Re: type and instance and subclass in SHACL documents from Tom Johnson on 2016-03-14 (public-data-shapes-wg@w3.org from March 2016)

From: Tom Johnson <johnson.tom@gmail.com>
Date: Sun, 13 Mar 2016 21:10:16 -0700
To: Irene Polikoff <irene@topquadrant.com>
Cc: "Peter F. Patel-Schneider" <pfpschneider@gmail.com>, Karen Coyle <kcoyle@kcoyle.net>, RDF Data Shapes Working Group <public-data-shapes-wg@w3.org>
Message-ID: <CAJeHiNGhb2fJ1OPH137ZGBhnBanqK5DbANEpApDaLZdarnDwcQ@mail.gmail.com>
Irene, I think we're pretty close to seeing eye-to-eye, here. Your summary
of SHACL vs. RDFS's understandings of class membership seems correct to me.
Still, I don't think the problem reduces to whether the RDF(S) axioms are
included.

The issue, as I see it, is that RDFS terminology is regularly used without
clear definitions. The usual definitions are (somewhat vaguely) disavowed
in Section 1.1 (and sometimes elsewhere), but guidance for how to evaluate
whether a resource counts as an "instance" or a "class" is only provided
for narrow cases. Further, Section 1.1 is explicit that the usage is not
uniform.

To drive the point home: some cases are a significantly muddy. See, for
example, Section 2[0]:

    shapes are instances of the class sh:Shape (or subclasses of sh:Shape).

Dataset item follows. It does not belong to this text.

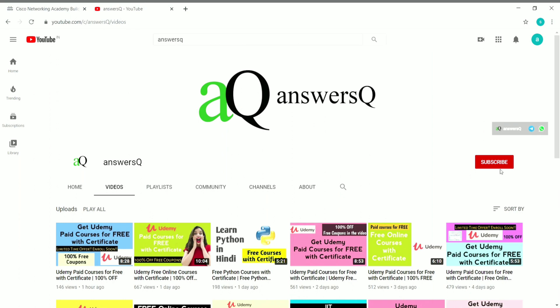If you haven't subscribed to our channel yet, kindly press the subscribe button and the bell icon so you'll get a notification whenever I upload a video. You can also connect with me on social media platforms like WhatsApp, Twitter, and Facebook — links are in the description. You can also join our Telegram channel to get instant updates about free courses and internships.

Here, I think we mean to say an RDF(S) instance(?). Using the only
alternate definition I can find in SHACL, there would need to be a triple
of the pattern `?s rdf:type sh:shape` in the *data* graph for a resource to
be a shape. In either case, it's unclear whether subclass transitivity
applies here.

That these specialized, pattern driven concepts are semantically overloaded
with terms in common use places a burden on the reader/implementer to peel
apart one meaning from the other. My preferred solution would be to expand
Section 1.1 with formal guidance, mark exceptional cases in the text
clearly, and (ideally, but optionally) avoid RDF(S) language in normative
clauses (i.e. treat "class", "instance", etc... as different but
intuitively related concepts to those handled in SHACL evaluation).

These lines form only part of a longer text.